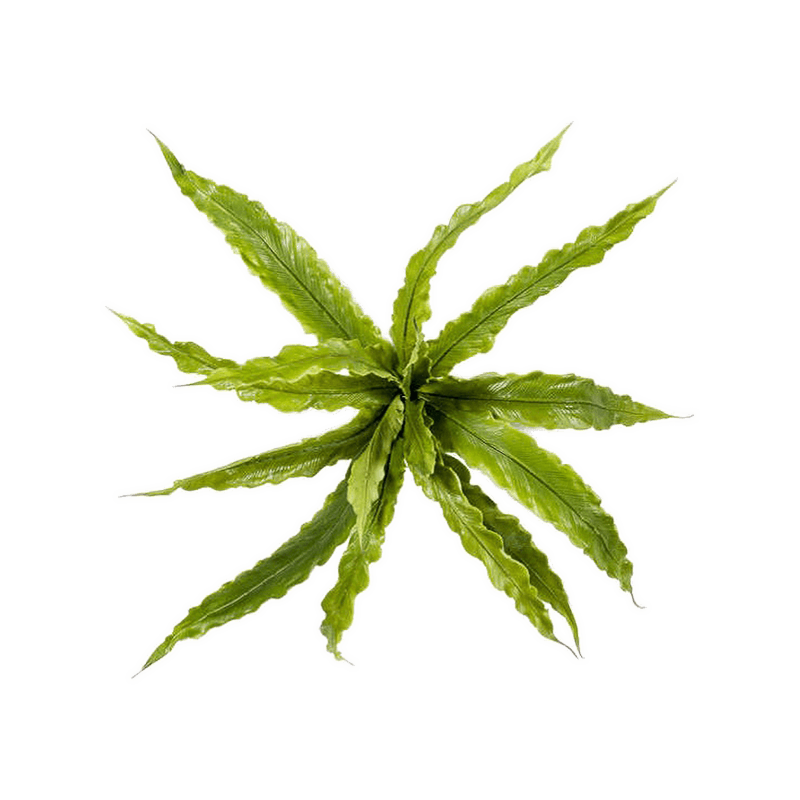 Nestvaren (Asplenium)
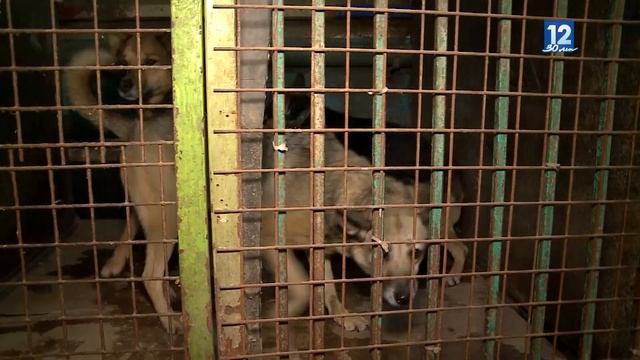Приюты Череповца бьют тревогу: не хватает кормов и средств на лечение смотреть онлайн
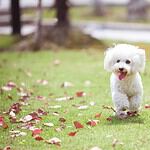Bichon Frise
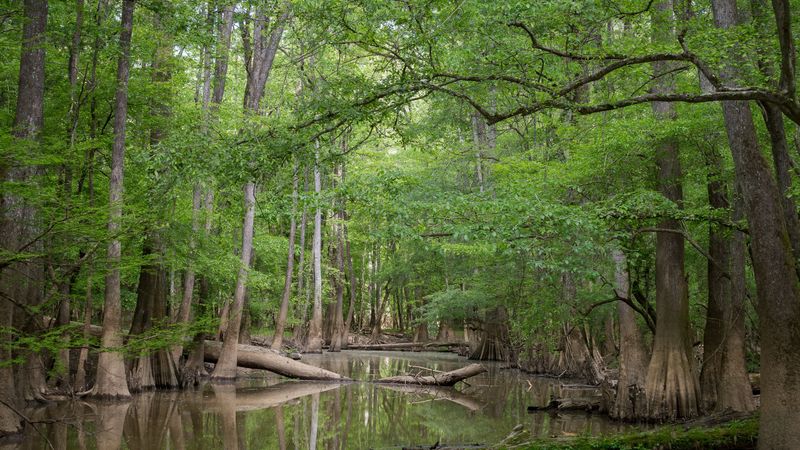 Congaree National Park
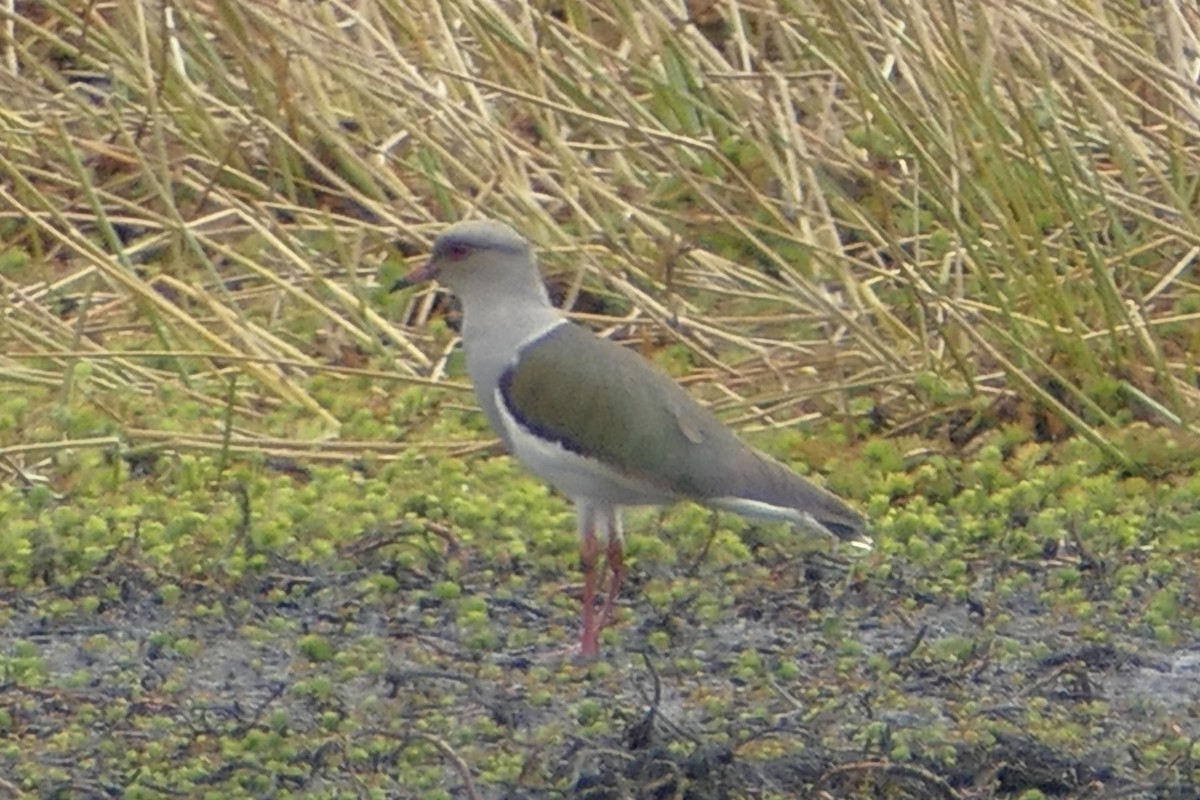 Andean Lapwing - ML110830071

.....

* _TASK GOAL_: Write out all the material above exactly, with no image carried over.

* _RESULT BELOW_:
 Nestvaren (Asplenium)
Приюты Череповца бьют тревогу: не хватает кормов и средств на лечение смотреть онлайн
Bichon Frise
 Congaree National Park
 Andean Lapwing - ML110830071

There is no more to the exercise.